** Exercise prompt **
From the records below, set down exactly the lines starting with the line that contains "Camisa con diseño" and going on through the line that contains "Golden Goose True-Star". Nothing else is wanted.

** Provided information **
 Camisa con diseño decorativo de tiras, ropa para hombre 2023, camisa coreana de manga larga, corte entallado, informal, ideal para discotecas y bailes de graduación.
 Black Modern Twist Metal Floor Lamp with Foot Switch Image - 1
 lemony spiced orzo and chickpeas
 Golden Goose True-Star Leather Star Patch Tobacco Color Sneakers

* * *

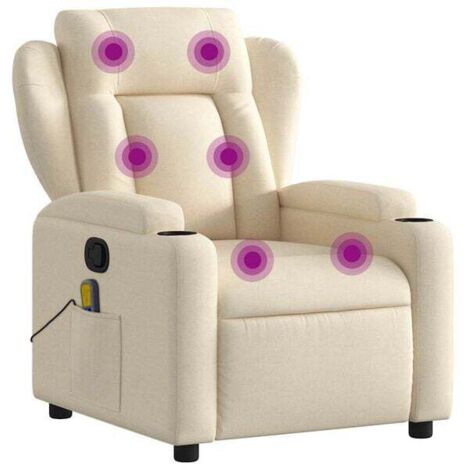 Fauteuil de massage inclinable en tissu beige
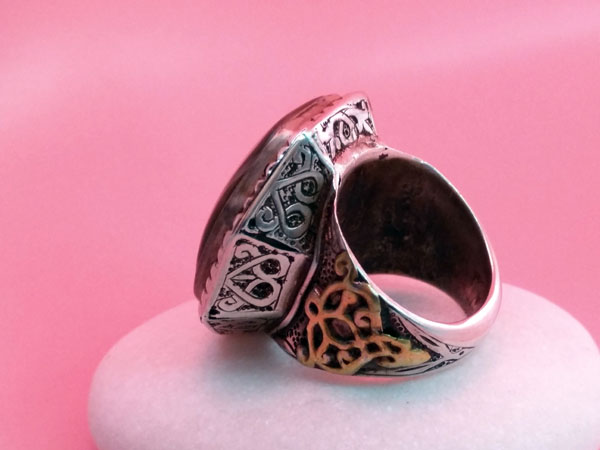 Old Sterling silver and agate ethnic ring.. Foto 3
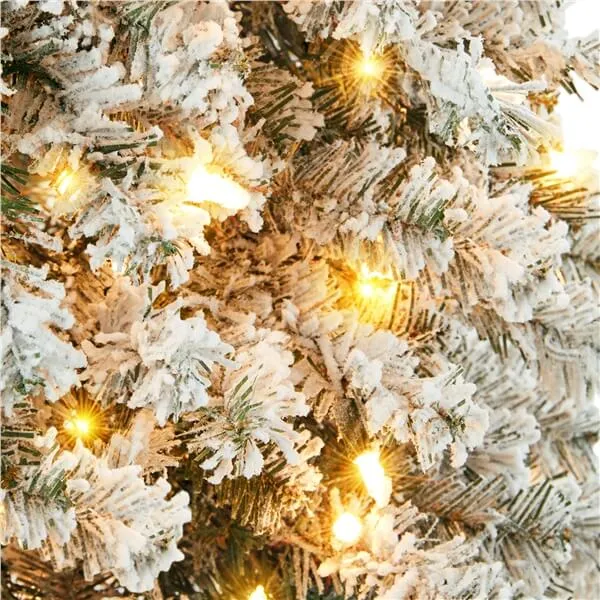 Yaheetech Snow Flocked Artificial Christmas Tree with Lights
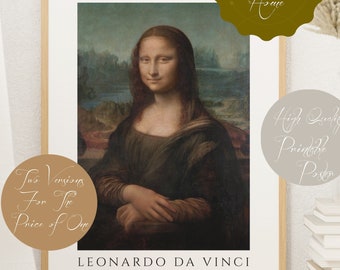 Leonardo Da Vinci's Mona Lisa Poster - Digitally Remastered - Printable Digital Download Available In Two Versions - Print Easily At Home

** Response box **
 Camisa con diseño decorativo de tiras, ropa para hombre 2023, camisa coreana de manga larga, corte entallado, informal, ideal para discotecas y bailes de graduación.
 Black Modern Twist Metal Floor Lamp with Foot Switch Image - 1
 lemony spiced orzo and chickpeas
 Golden Goose True-Star Leather Star Patch Tobacco Color Sneakers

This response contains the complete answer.